Lagos — THE controversy trailing last Saturday's presidential election has forced the prices of oil up with London Brent crude rising by $1.66 to $68.15 a barrel and U.S. crude up by $1.78 to $65.89.
However, President Olusegun Obasanjo, speaking yesterday on CNN, saw nothing strange in the controversy because, as he put it, "there is no election result that has not been controversial" in Nigeria since he started taking part actively in elections in 1959.
Reactions from election observers and opposition candidates and the leadership of the Senate over the presidential polls suggest a crisis is in the offing - feeding a spike in global oil prices, Monday.
Nigeria is a major player in the world oil market. It is the world's eighth-biggest exporter and the fifth-largest oil supplier to the United States. When Nigerian fields are operating at top capacity, they can produce between 2.6 million and 3.0 million barrels of oil per day, approximately 3.2 per cent of global consumption.
However, operations accounting for about 600,000 barrels per day the country's output are currently shut down owing to unrest in the Niger Delta.
On Monday, London Brent crude rose $1.66 to $68.15 a barrel, while U.S. crude rose $1.78 to $65.89.
Princeton Lyman, a senior fellow at the Council on Foreign Relations and a former US ambassador to Nigeria thinks winner of the presidential election, Alhaji Umaru Yar'Adua, will probably be able to establish his legitimacy as president, but that it will take a while.
"Over the next year, it's going to be rough. The new government will have to deal with challenges in courts and rerun some of the local elections that were annulled," he said. In the meantime, he said, "there could be continued unrest in the Delta."
Sebastian Spio-Garbrah, an Africa analyst with political risk consultants Eurasia Group, said in recent months, very little violence has been directed at energy companies. He notes that Royal Dutch Shell, the country's biggest foreign oil company, announced two weeks ago that it would reopen its Forcados field by June or July.
Spio-Garbrah sees no reason the company won't go ahead as planned, and if it does, it would return Nigeria to producing around 2.4 million to 2.5 million barrels a day.
He notes that in a country where 60 per cent of the national budget comes from oil revenues, it's in the interest of every leader to keep it flowing.

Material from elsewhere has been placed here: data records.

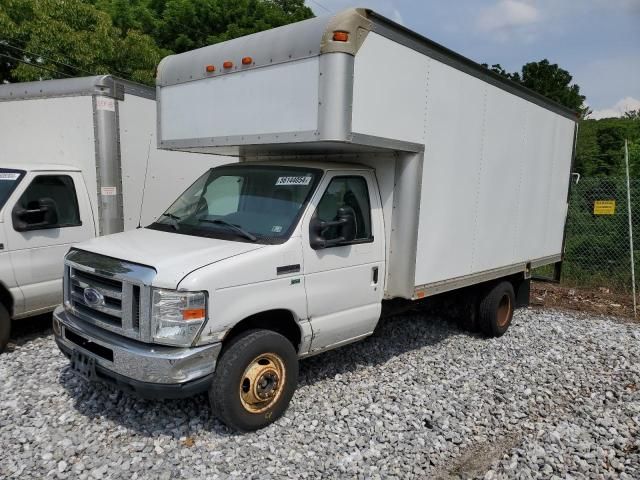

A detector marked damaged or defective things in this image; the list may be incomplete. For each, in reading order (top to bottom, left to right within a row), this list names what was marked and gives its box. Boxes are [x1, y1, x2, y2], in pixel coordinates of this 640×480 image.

rusty wheel [239, 350, 286, 414]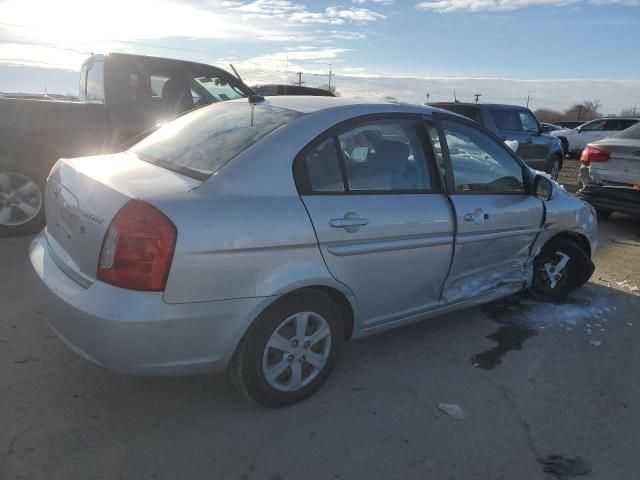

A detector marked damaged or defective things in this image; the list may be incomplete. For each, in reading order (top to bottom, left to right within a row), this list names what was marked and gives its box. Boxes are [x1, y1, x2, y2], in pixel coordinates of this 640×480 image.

bent rear wheel [228, 290, 342, 406]
damaged silver car [28, 96, 596, 404]
cracked pavement [1, 214, 640, 480]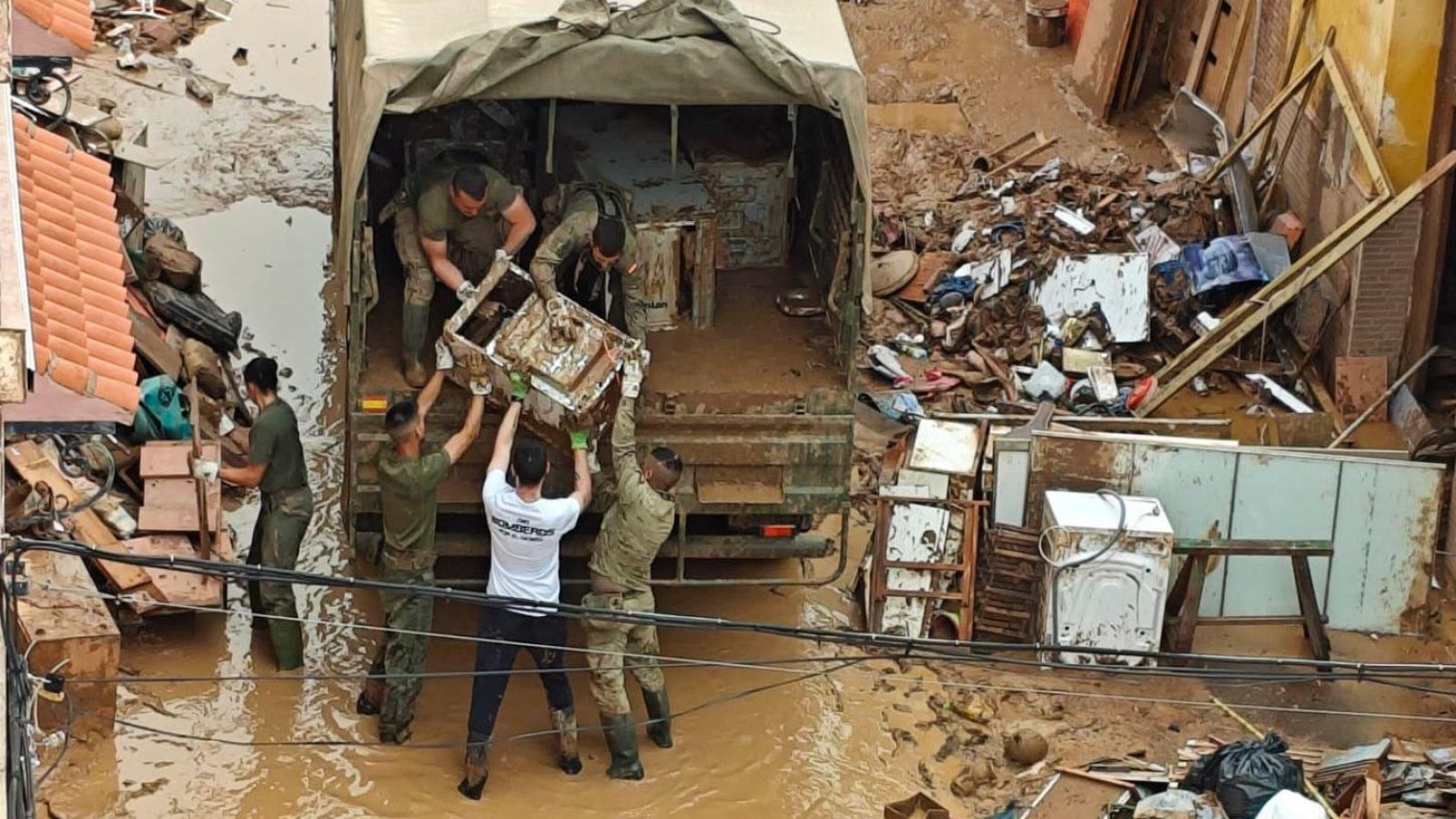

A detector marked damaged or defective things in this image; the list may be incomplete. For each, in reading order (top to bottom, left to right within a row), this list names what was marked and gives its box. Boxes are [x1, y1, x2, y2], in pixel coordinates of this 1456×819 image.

broken furniture [1036, 483, 1170, 664]
broken furniture [1158, 536, 1333, 664]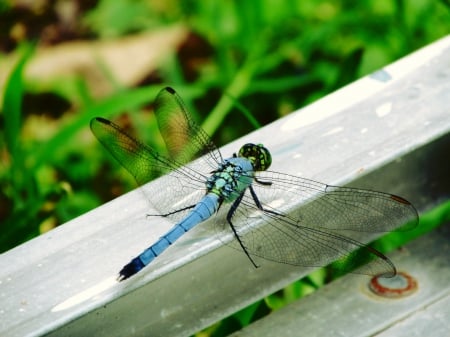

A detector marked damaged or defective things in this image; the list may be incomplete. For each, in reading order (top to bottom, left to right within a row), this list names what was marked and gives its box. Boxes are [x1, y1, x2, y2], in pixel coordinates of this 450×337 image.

rusty rivet [370, 270, 418, 296]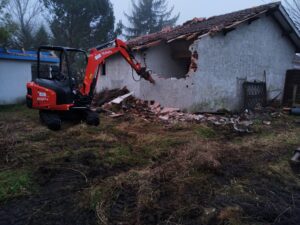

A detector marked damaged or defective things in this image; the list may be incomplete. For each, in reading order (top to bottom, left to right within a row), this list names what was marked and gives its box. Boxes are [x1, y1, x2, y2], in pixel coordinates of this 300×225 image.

"Even militias know that there is a symbiotic relationship between themselves and the oil companies," he says. "They need the oil companies to be there so that they can take a little bit of what's flowing through the pipe."
Nigeria's democracy healthy - Obasanjo
However, President Obasanjo in his CNN interview believed that "democracy is very healthy, it is well and kicking" in Nigeria.
CNN: Nigeria's landmark elections have been undermined by allegations of election fraud, both intimidation and poor preparation. If one may ask, how healthy is democracy in Nigeria?
OBASANJO: Well, democracy is very healthy; it is well and kicking. In fact, out of the three points you have made, we are able to make them because we are in a democracy. If there is no democracy, we will not be talking about intimidation, allegation and all that.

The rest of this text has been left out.